Here's a solution with replace
subcommand (usage)
of csvtk,
just download the .tar.gz
file, decompress and you can run :)
First you have to prepare a mapping file, which is a plain tab-separated text file,
you can easily use a spreadsheet software to create and export.
$ more mapping.tsv
chrA 1
chrB 2
chrC 3
I guess the SNP data file should be a tab-delimited file too.
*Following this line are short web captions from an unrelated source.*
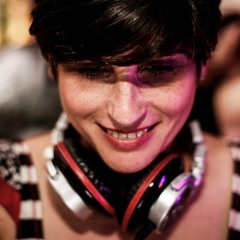 DJ Anita Pasión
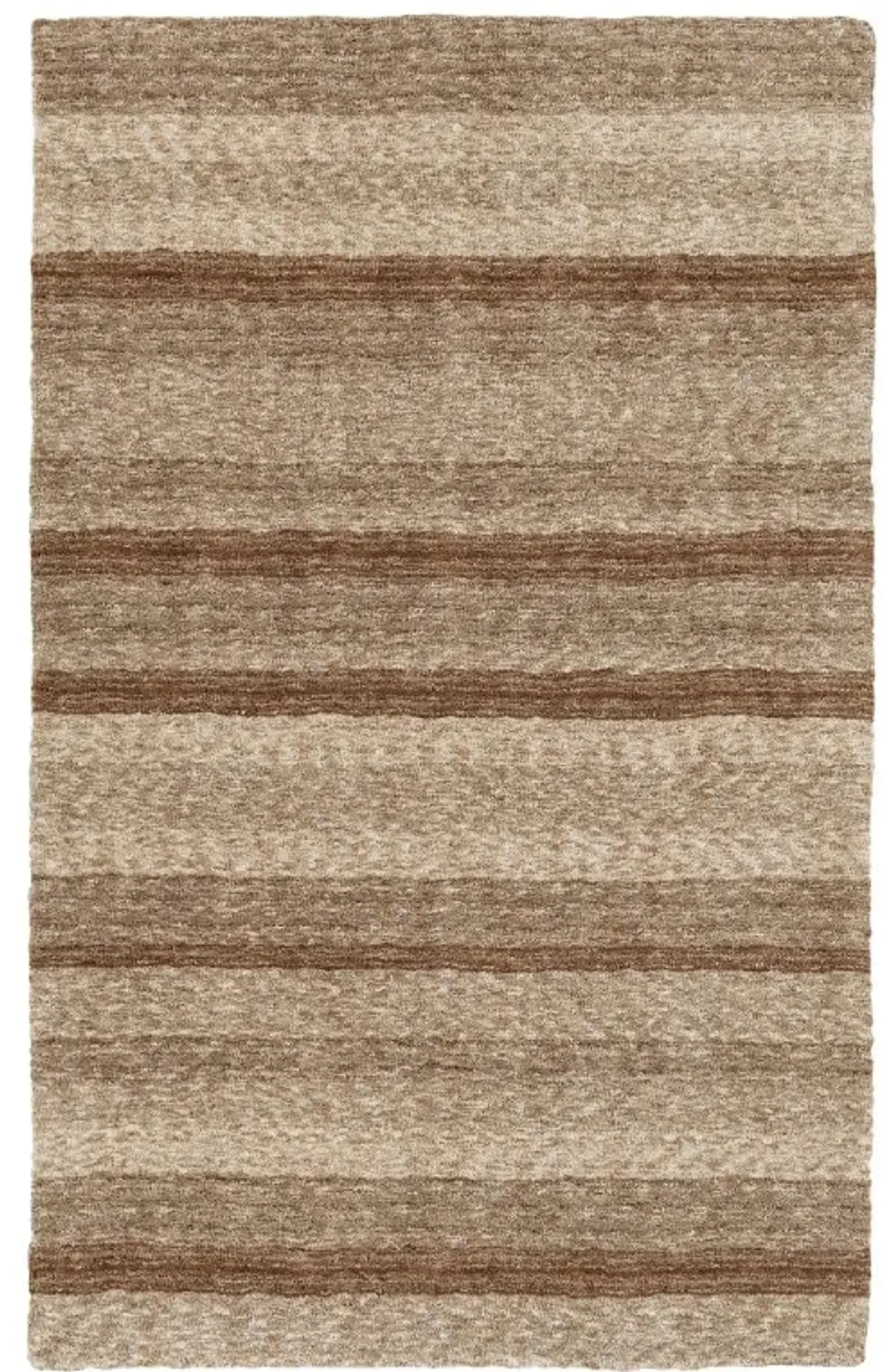 Joplin Earth Area Rug 8'W x 10'L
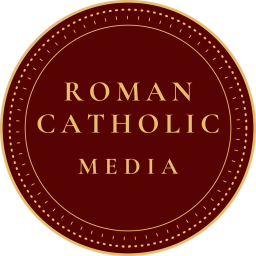 Podcast thumbnail for Roman Catholic Media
Here's a dummy one:
$ more data.tsv
chrA A z
chrA A x
chrA A c
chrB B v
chrB B d
chrC C tx
chrC C t
chrC C x
chrC C z
Then use csvtk
to edit the SNP data file:
$ ./csvtk -H -t replace -f 1 -p '(.+)' -r '{kv}' -k mapping.tsv data.tsv
[INFO] read key-value file: mapping.tsv
[INFO] 3 pairs of key-value loaded
1 A z
1 A x
1 A c
2 B v
2 B d
3 C tx
3 C t
3 C x
3 C z
The long-option version would be easier to understand:
./csvtk --no-header-row --tabs replace --fields 1 --pattern '(.+)' --replacement '{kv}' --kv-file mapping.tsv data.tsv
PS: this is a general method not limited to this case. sed
is good for single replacement, csvtk replace -k
can handle multiple replacements well, which is written in Go with good performance.
PS2: seqkit has exactly the same function to handle FASTA/Q files.
This solution works perfectly, and it is extremely quick, thank you very much!